Maria Susan Rye, (31 March 1829 – 12 November 1903), was a social reformer and a promoter of emigration from England, especially of young women living in Liverpool workhouses, to the colonies of the British Empire.
She was born at 2 Lower James Street, Golden Square, in central London, on 31 March 1829. She was the eldest of the nine children of Edward Rye, solicitor and bibliophile, and Maria Tuppen. Edward Rye of Baconsthorpe, Norfolk, was her grandfather. Of her brothers, Edward Caldwell Rye was an entomologist, and Walter Rye, solicitor, antiquary, and athlete, published works on Norfolk history and topography and was mayor of Norwich in 1908–9.
Maria Rye received her education at home and read for herself in the large library of her father. Coming under the influence of Charles Kingsley's father, then vicar of St Luke's Church, she devoted herself at the age of sixteen to parochial work in Chelsea. She was impressed by the lack of opportunity of employment for women outside the teaching profession. In succession to Mary Howitt, she soon became secretary of the association for promoting the Married Women's Property bill, which was brought forward by Sir Thomas Erskine Perry in 1856 but was not fully passed till 1882.

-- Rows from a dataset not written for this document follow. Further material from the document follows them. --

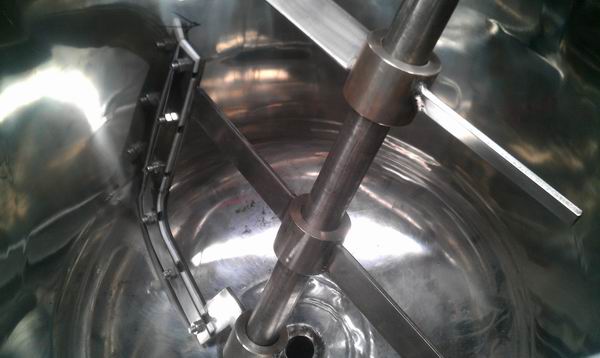 蒸汽加熱反應(yīng)釜、導(dǎo)熱油循環(huán)加熱反應(yīng)釜 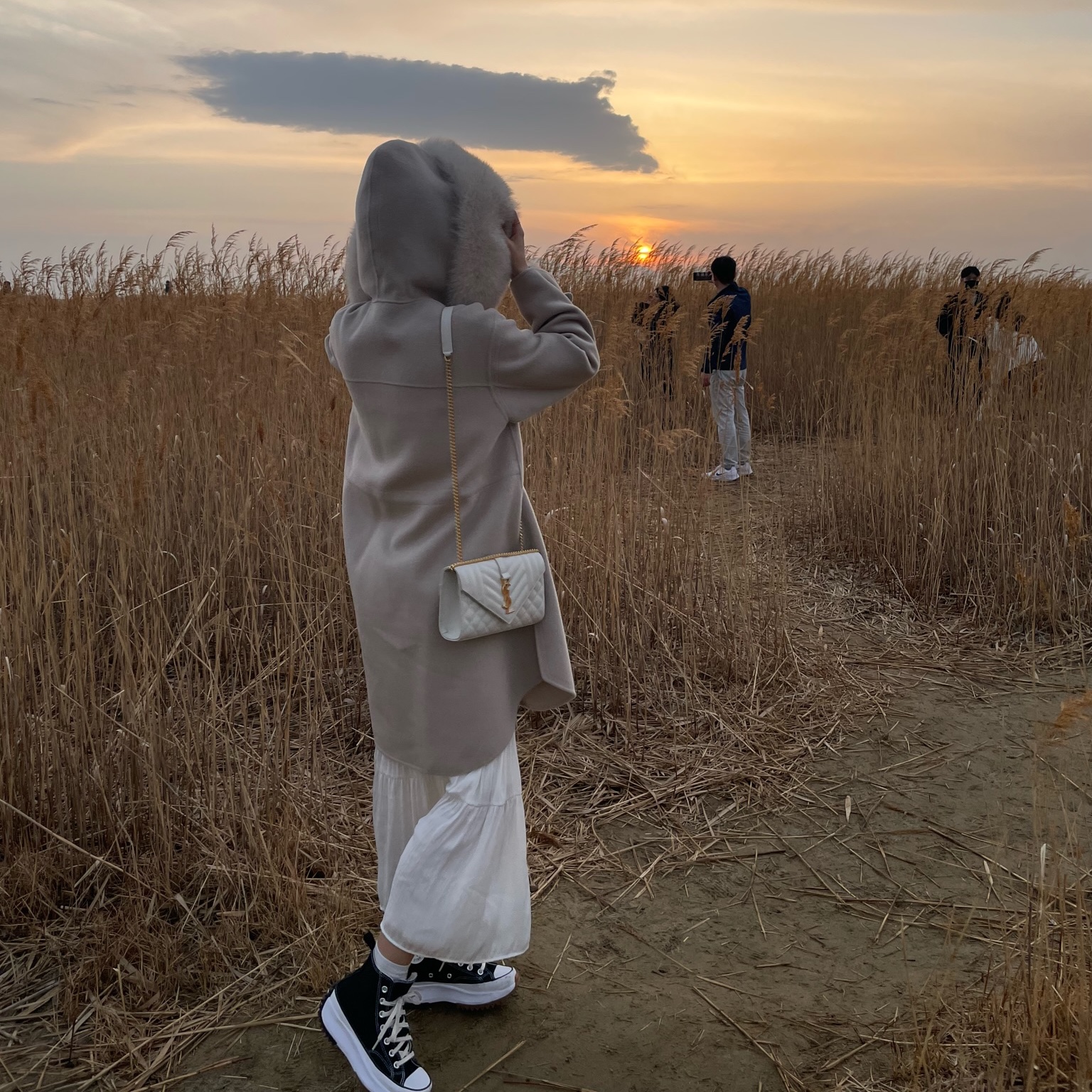 Converse Run Star Hike Hi Black White Gum 착용 스타일 - 2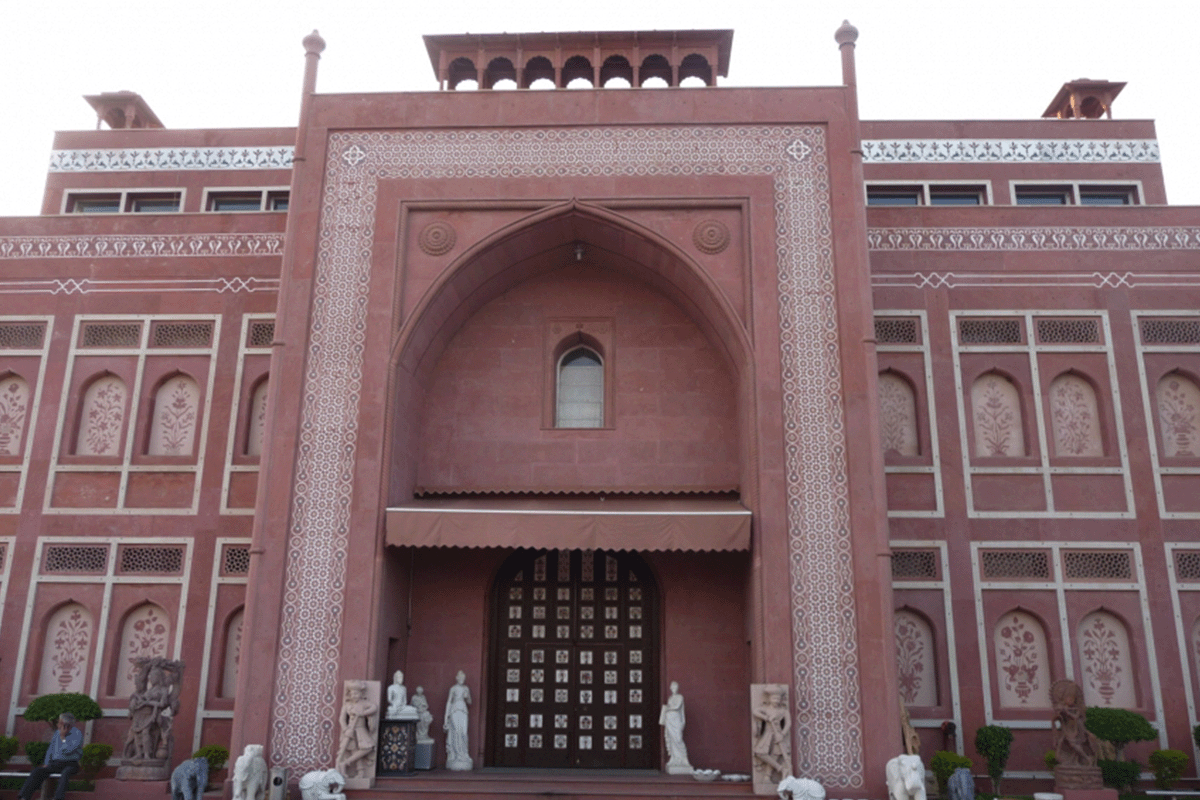 kalakriti cultural convention center agra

She joined the Society for Promoting the Employment of Women on its foundation, but, disapproving of the women's franchise movement which the leading members supported, soon left it. In 1859, she undertook a private law-stationer's business at 12 Portugal Street, Lincoln's Inn, in order to give employment to middle class girls. At the same time, she helped to establish the Victoria Press in association with her business in 1860 (under the charge of Emily Faithfull), and the employment bureau and telegraph school in Great Coram Street, with Isa Craig as secretary. The telegraph school anticipated the employment of girls as telegraph clerks.